Instagram c’est l’application Smartphone à la mode depuis quelques mois. Elle permet de prendre, retoucher et partager des photos avec des amis et des inconnus. Si elle n’était disponible que sur les mobiles, elle sera désormais accessible sur le web comme annoncé sur son blog le 6 novembre 2012. L’application rachetée par Facebook poursuit son développement et part à la conquête de nouveaux marchés. L’occasion de nous interroger sur les conséquences juridiques que ces évolutions pourraient entrainer au regard des contenus de l’application.
Instagram et Facebook, une alliance de choc
Cette application mobile gratuite a été créée par Kevin Systrom et Mike Krieger en juillet 2010. En téléchargement sur l’Apple Store elle comptait initialement 80 utilisateurs, deux mois plus tard, ils étaient un million. Ce chiffre a été multiplié par cent en septembre 2012. Bien qu’elle soit de qualité et facile d’utilisation, l’application n’a rien de révolutionnaire puisqu’elle permet de prendre des photos et d’y ajouter des filtres (dignes d’un Polaroid vintage). Mais à la différence de ses concurrentes, elle propose de les partager avec des abonnés, et en particulier sur les réseaux sociaux (Facebook, Twitter). L’application est devenue le réseau social à la mode, nouveau lieu d’expression artistique. Instagram s’auto-identifie comme un « moyen drôle et décalé de partager votre vie à travers vos photos. » Même Twitter travaillerait à améliorer sa partie photos et envisage d’intégrer un logiciel filtres photos.
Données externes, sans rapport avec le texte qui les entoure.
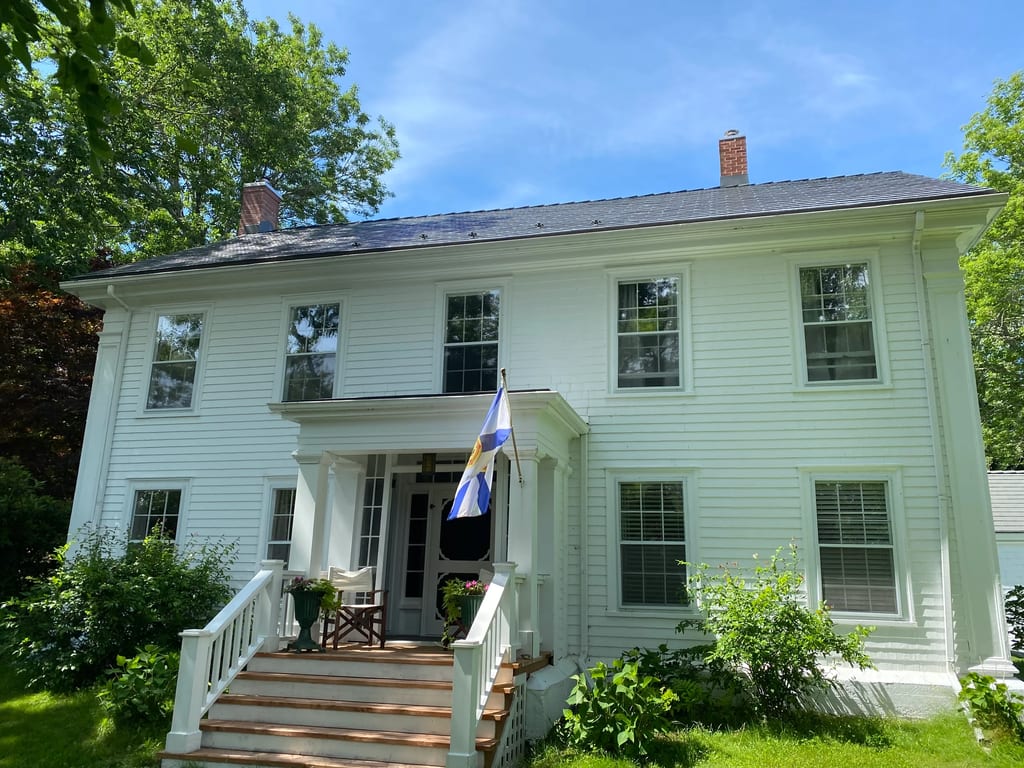 Musket Grey Interlock Cedar Shingle aluminum roof on the home, Mill Village, Nova Scotia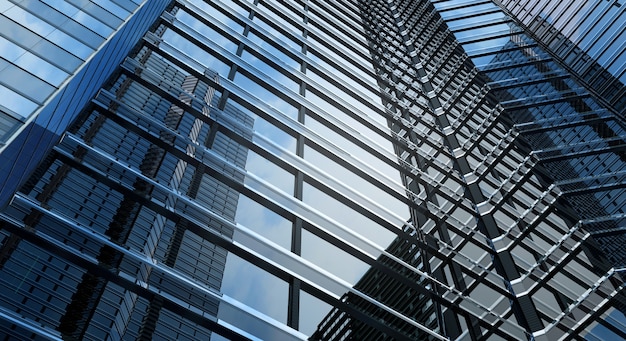 Premium Photo | Modern building office and blue sky background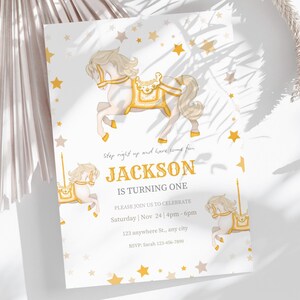 Invito di compleanno a tema circo carnevale, invito a tema luna park color oro pastello, modello di festa stampabile, download digitale modificabile in Canva CP1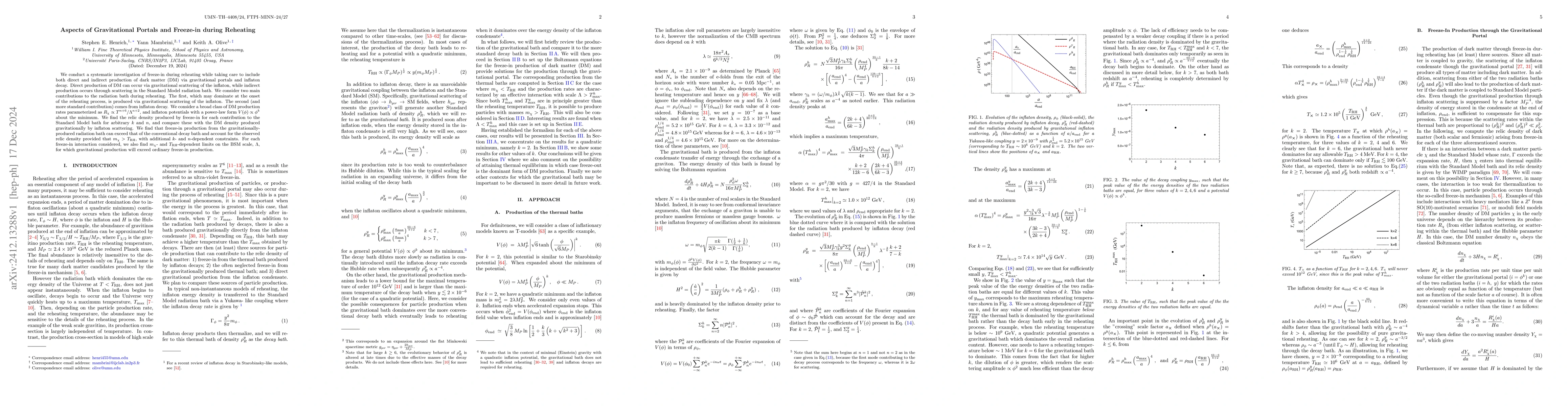 Thumbnail for Aspects of Gravitational Portals and Freeze-in during Reheating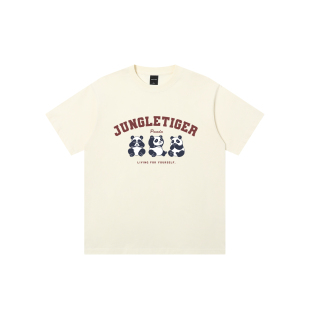 三只熊猫纯棉t恤男女街头潮流260g重磅情侣短袖 丛林老虎夏季 新款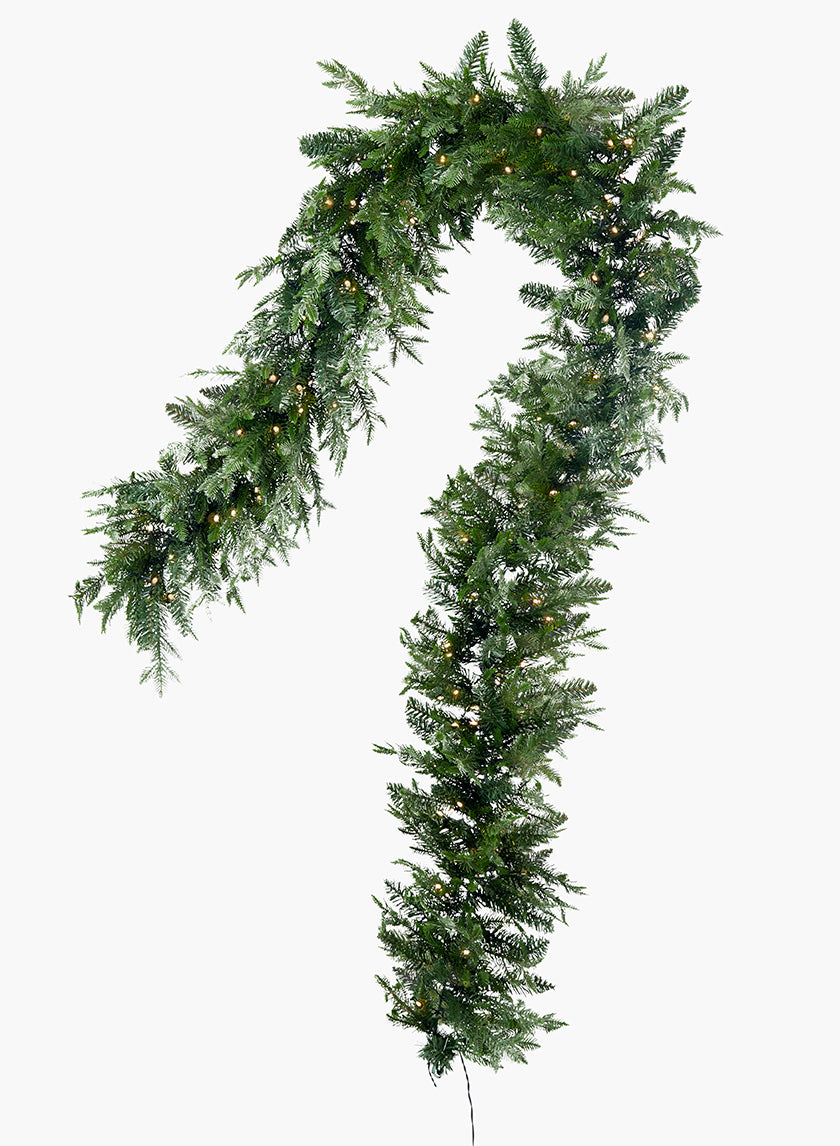 9ft Pine Garland With 200 LED Lights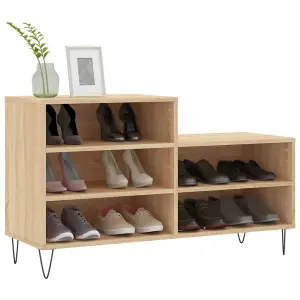 Berkfield Shoe Cabinet Sonoma Oak 102x36x60 cm Engineered Wood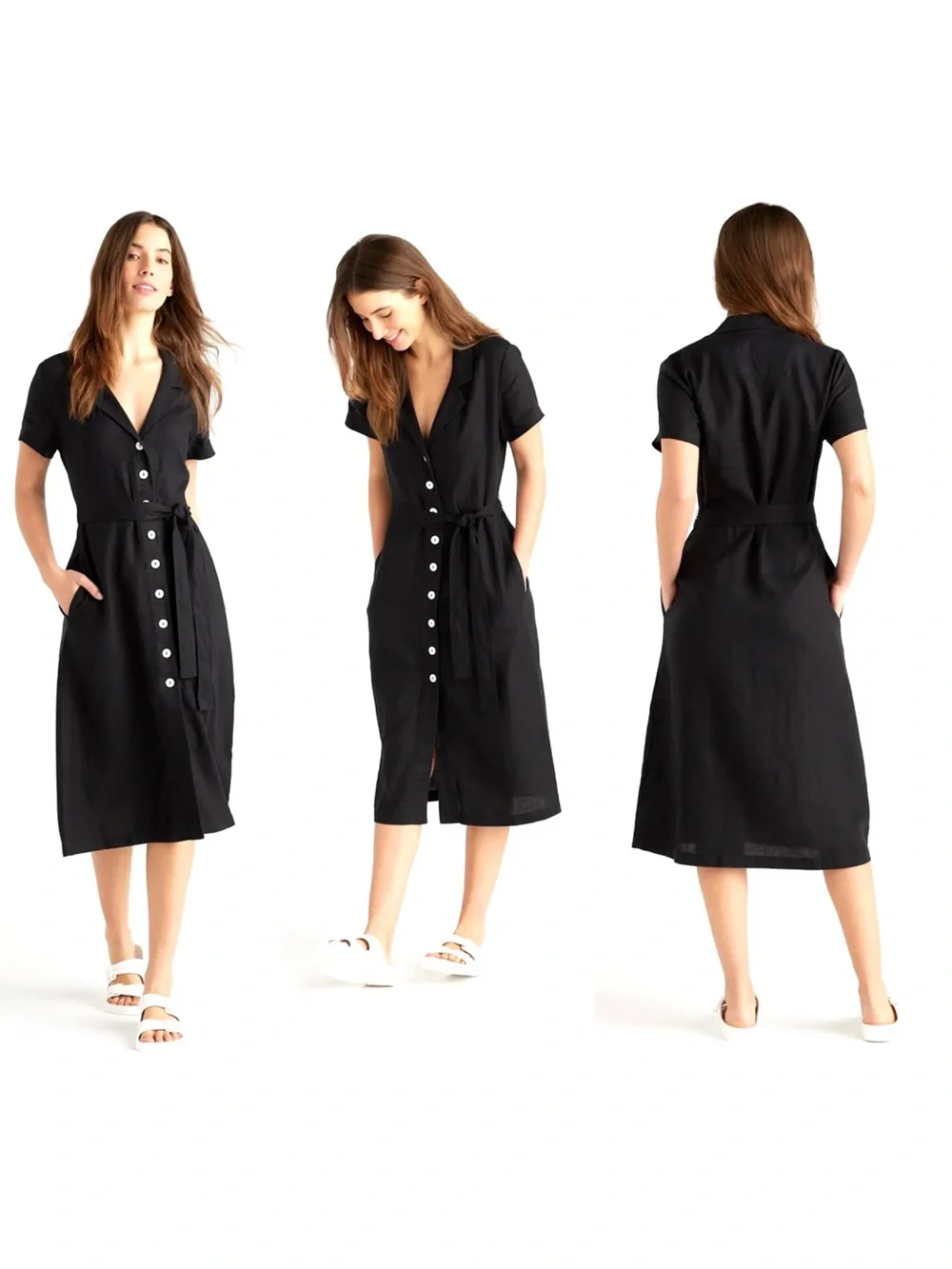 QUINCE black linen button front dress, size L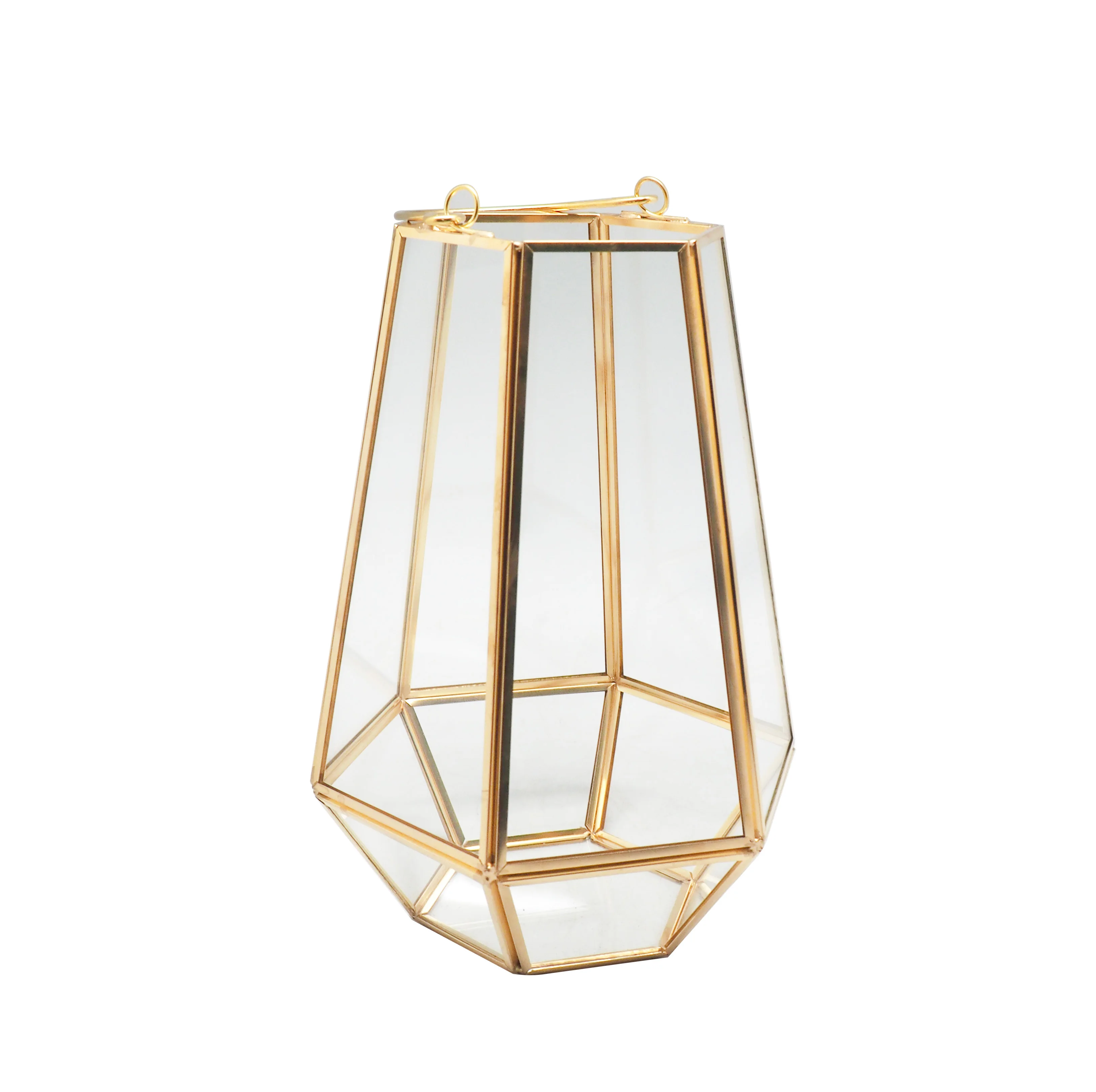 New style home decor square glass and gold lantern candle holder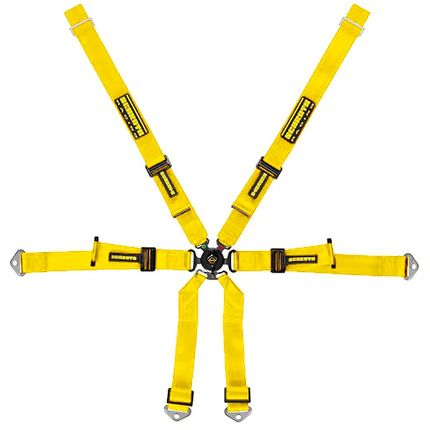 Schroth Profi Racing Harness 2x2 6-Point Yellow for Porsche 911 GT3 and GT3 RS (991, 992) (94660-H3)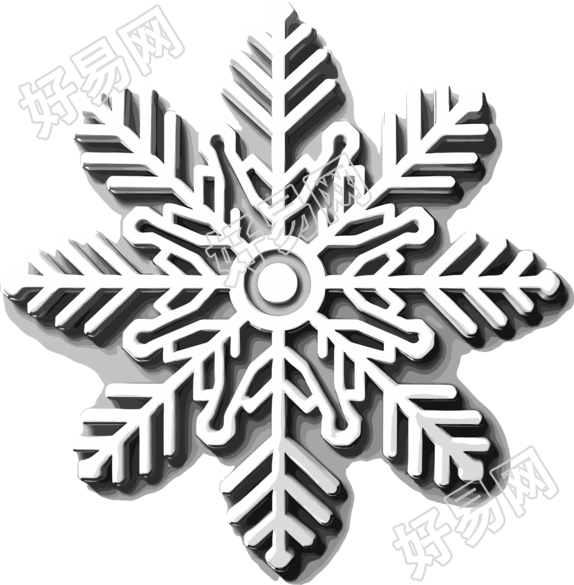 白色边框的雪花贴纸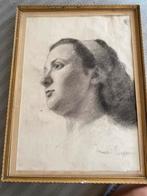 La Modella- Mario Borgoni- vet potlood -1935, Ophalen of Verzenden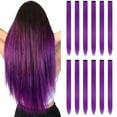 thumbnail image 2 of 12PCS Colored Purple Hair Extensions Clip in Colorful Hair Extensions 22 Inch Rainbow Hair Extensions for Kids Women's Gifts Blue Hair Extensions (22inch,Purple), 2 of 7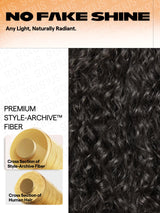 GORGIUS Glueless Curly Lace Front Wig Pre Plucked Middle Part Closure Wig 20 Inch Natural Black Pre Cut Synthetic Curl Wig Upgraded with Premium Human-Hair-Like Fiber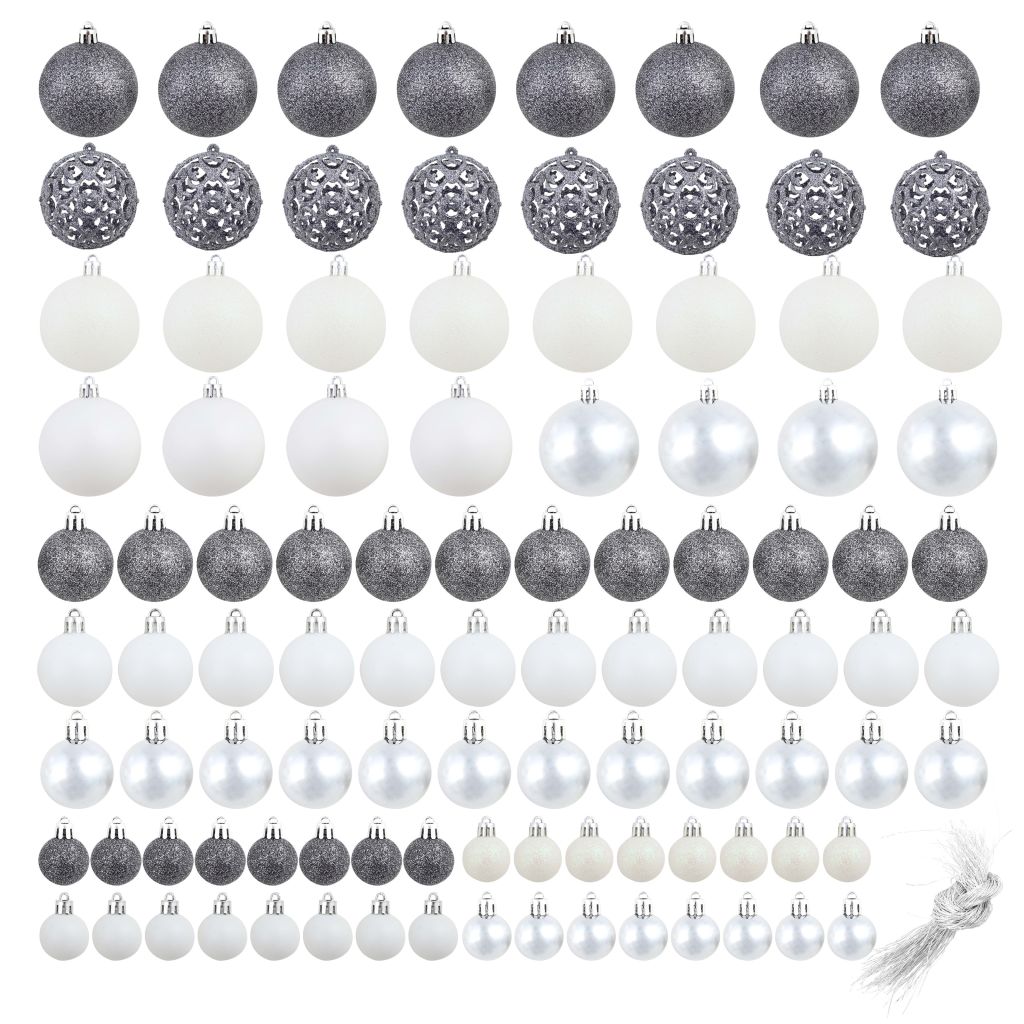 Set globuri de Crăciun 100 de piese, 6 cm, alb/gri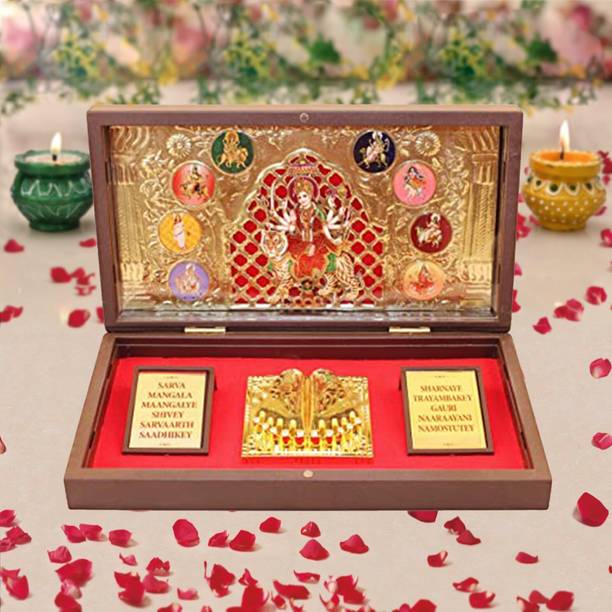 INTERNATIONAL GIFT Gold Plated Nav Durga Mata Idol Frame Charan Paduka Box | For Return Gift Decorative Showpiece  -  4 cm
Pour autant, si Instagram n’était au début qu’une simple application photos permettant de rajouter des effets, son système de partage n’a pas manqué d’intéresser le réseau social le plus connu au monde, qui comptabilise plus d’un milliard d’utilisateurs actifs : Facebook !
En avril dernier, la société de Mark Zuckerberg a réalisé sa plus grosse acquisition en rachetant Instagram puisqu’elle a déboursé pas moins d’un milliard de dollars (soit 760 millions d’euros). Et si pour certains Instagram ne vaut pas un milliard de dollars (elle a été évaluée à la moitié de cette somme) « elle les vaut, et même plus encore, pour un Facebook désireux d’évincer une potentielle rivalité menaçant son activité principale. » À l’instar de Google avec YouTube ou de Yahoo avec Flickr, Facebook apporte un peu de fraîcheur à ses activités. On peut alors se demander « comment le réseau social compte tirer parti de cet investissement colossal. » Car s’il rattrape un de ses points faibles (le traitement de photos), l’objectif de Facebook va plus loin.
En premier lieu, il s’agit de multiplier les utilisateurs et atteindre leurs téléphones mobiles. D’ailleurs, avant l’arrivée de Facebook, l’application totalisait 860 000 utilisateurs, après son rachat elle en comptabilisait plus de 11 millions. Instagram totaliserait désormais 100 millions d’utilisateurs, dont 11 millions de personnes qui l’utilise chaque jour. En second lieu, il s’agit de rentabiliser l’investissement colossal de Facebook, par la publicité. « L’enjeu pour le réseau, entré en Bourse en mai 2012, demeure toutefois la monétisation de son audience. Le réseau, qui doit l’essentiel de ses recettes à la publicité, affirme toujours sur sa page d’accueil qu’il est gratuit et “le restera toujours”. » Par ailleurs, Facebook envisagerait de « proposer un service plus haut de gamme, et également payant, destiné plus spécialement aux entreprises. »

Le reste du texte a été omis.